Any injuries or infectious diseases suffered by a patient with phakomatosis can significantly worsen the course of this disease. Considering the fact that the patient’s immune defense is severely affected, one must beware of infections, viral diseases, etc.

A dangerous complication of phakomatosis is the threat of degeneration of benign tumors into cancerous formations. If tumors are located in parts of the brain, signs of hydrocephalus, increased intracranial pressure, and compression of cerebral vessels with all the ensuing consequences may appear. If vital areas are affected, respiratory arrest and clinical death of the patient are possible.

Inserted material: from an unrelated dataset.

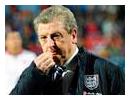  Roy admits 3 lions face risk of play-offs 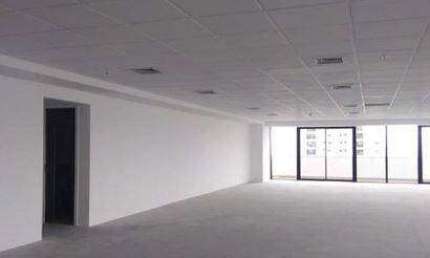BELÍSSIMO CONJUNTO COMERCIAL NO BAIRRO BARRA FUNDA COM 1069m2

A patient with phakomatosis needs to be observed by several medical specialists throughout his life and undergo regular examinations in order to detect complications in a timely manner and begin treatment.

Forecast and prevention of phakomatosis

Unfortunately, phakomatoses are diseases with not the most favorable prognosis. Predicting the outcome of treatment is not always easy. The outcome depends on the specific type of phakomatosis, the severity of the disease, and the age of the patient at which symptoms began to appear. When tumors affect areas of the brain responsible for vital functions, death is inevitable.

A feature of some phakomatoses is that the manifestations of the disease differ greatly with the onset of its symptoms at different ages. This creates difficulties in diagnosis and treatment. If a diagnosis has been made, in no case should you immediately give up on a sick child (just as adult patients should immediately lose heart). Even if we are not talking about a complete cure, it is quite possible to keep the disease under control.

Prevention of this pathology consists of genetic counseling of parents before conceiving a baby, the desire of both to give birth to a healthy child, as well as doctors monitoring the woman’s health throughout pregnancy.